▸ INSTRUCTIONS FOR THE TASK
Omit images. Retype all entries verbatim.

(Beginning of TASK INPUTS)

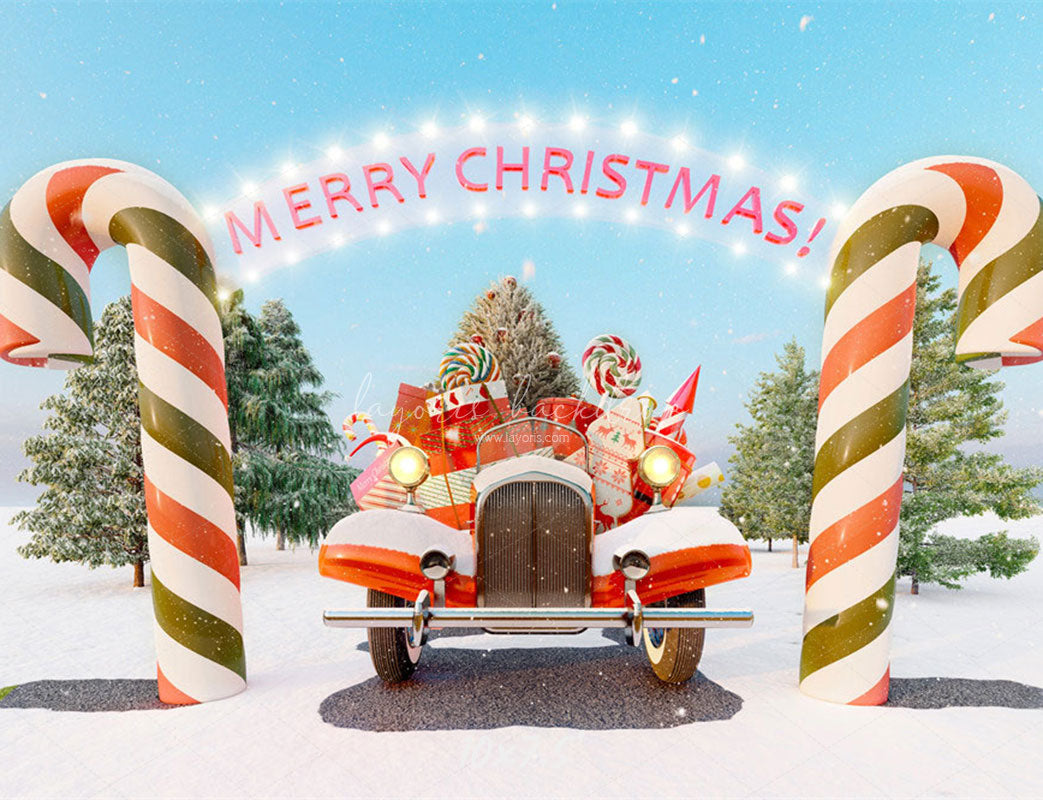 Candy Cane Pickup Merry Christmas Backdrop - Layoris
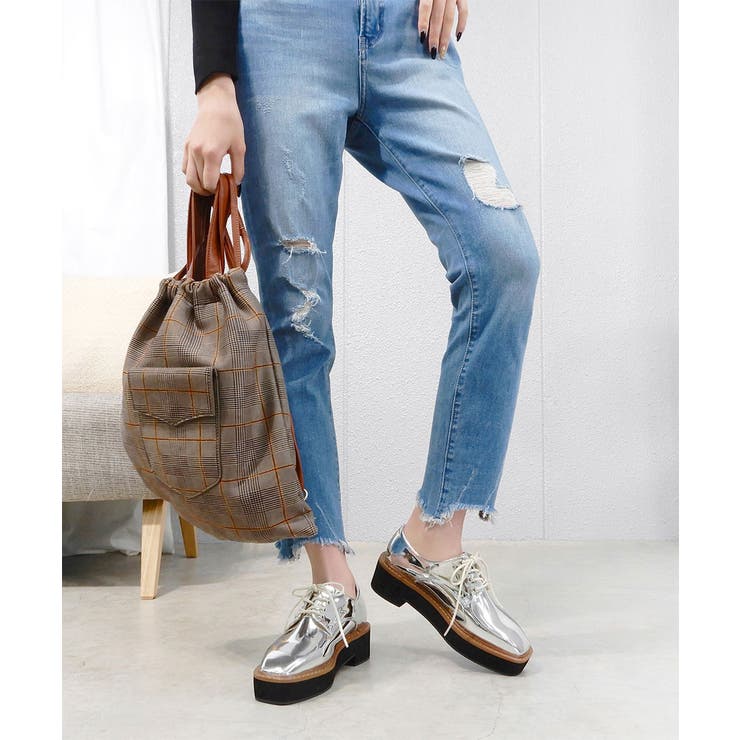 スクエアトゥ厚底オックスフォードシューズ 4cmヒール minia | minia | 詳細画像22 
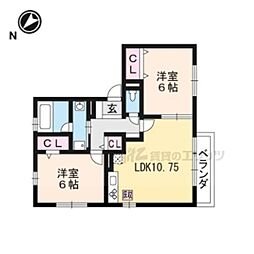 JR東海道・山陽本線 栗東駅 徒歩16分の賃貸アパート 1階2LDKの間取り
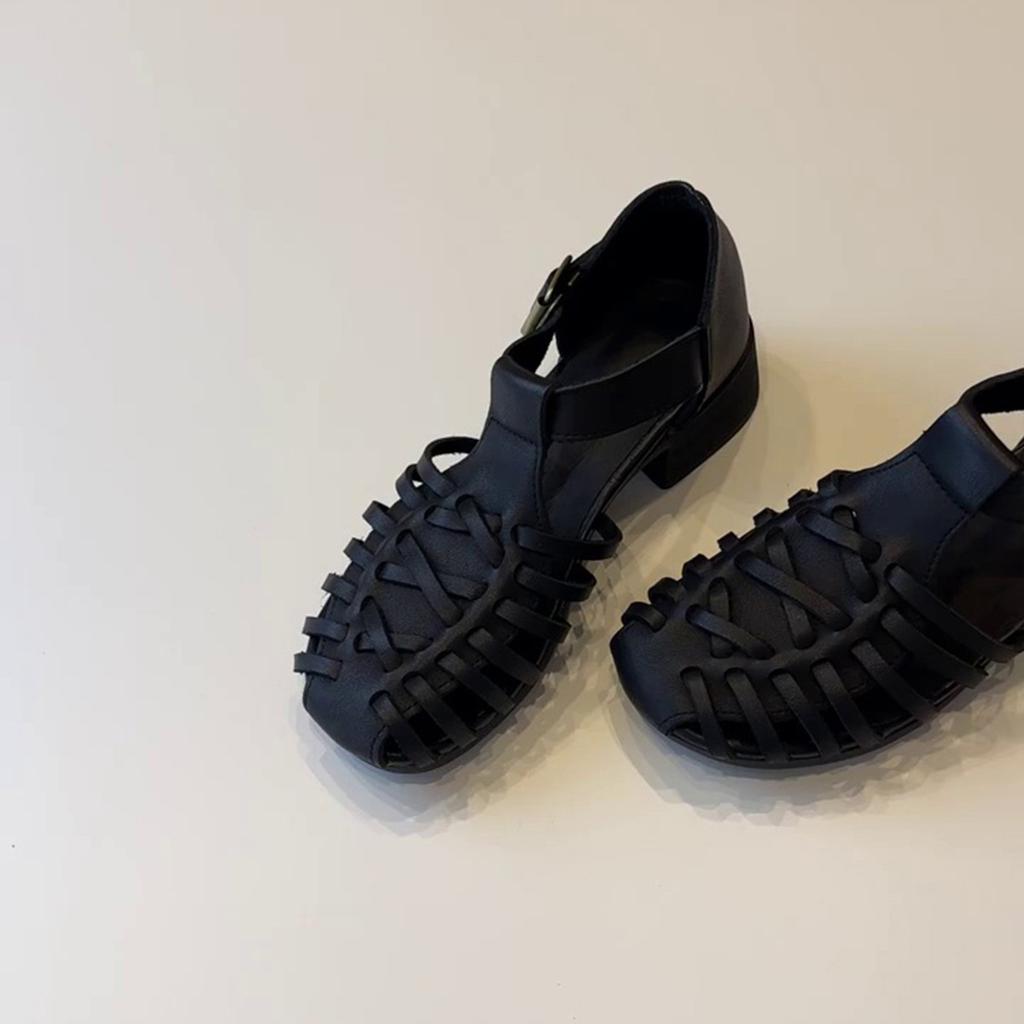 Sheepskin Version~ Retro Niche Design Strap Woven Shoes Soft Sole Hollow Bag Head Medium Heel Roman Women's Sandals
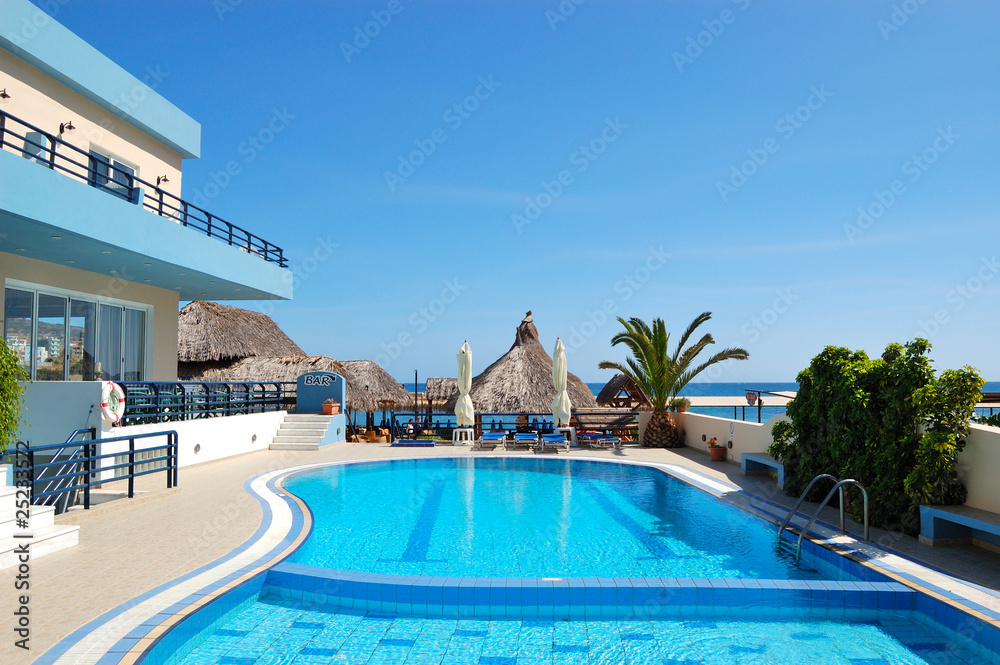 Swimming pool at the popular hotel, Crete, Greece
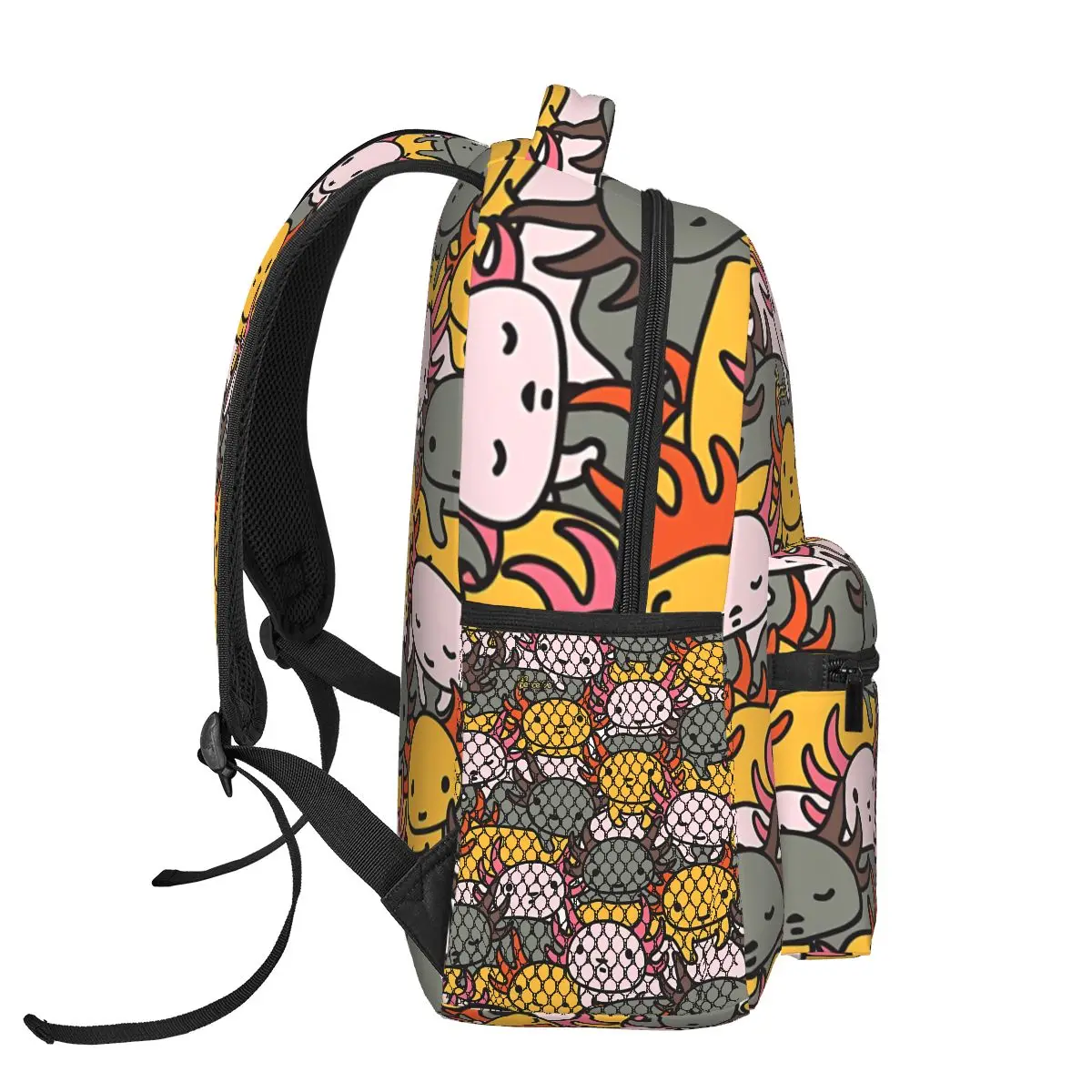 Imagem -03 - Voltar à Escola Axolotl Onda Estilo Mochila Escola Menino Menina Viagem Macio Mochila Casual Portátil Bolsa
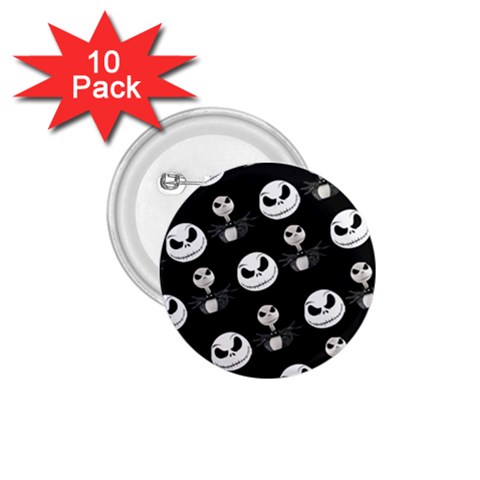 Jack Print, White, Before, Plain, Black, Simple, Christmas 1.75  Buttons (10 pack) from ArtsNow.com Front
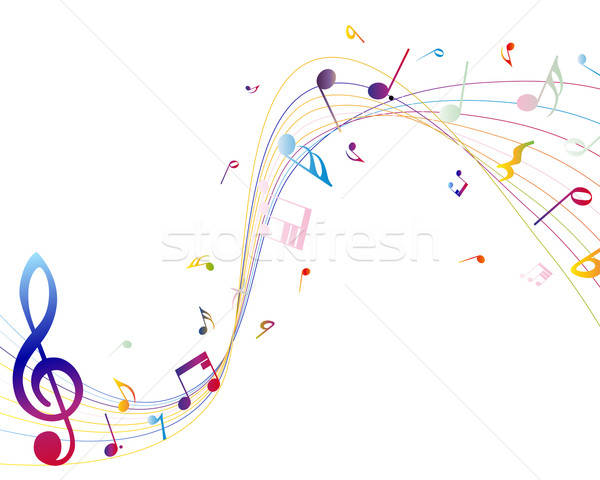 Stock photo: Multicolour  musical notes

(End of TASK INPUTS)

▸ WRITTEN ANSWER
 Candy Cane Pickup Merry Christmas Backdrop - Layoris
 スクエアトゥ厚底オックスフォードシューズ 4cmヒール minia | minia | 詳細画像22 
 JR東海道・山陽本線 栗東駅 徒歩16分の賃貸アパート 1階2LDKの間取り
 Sheepskin Version~ Retro Niche Design Strap Woven Shoes Soft Sole Hollow Bag Head Medium Heel Roman Women's Sandals
 Swimming pool at the popular hotel, Crete, Greece
 Imagem -03 - Voltar à Escola Axolotl Onda Estilo Mochila Escola Menino Menina Viagem Macio Mochila Casual Portátil Bolsa
 Jack Print, White, Before, Plain, Black, Simple, Christmas 1.75  Buttons (10 pack) from ArtsNow.com Front
 Stock photo: Multicolour  musical notes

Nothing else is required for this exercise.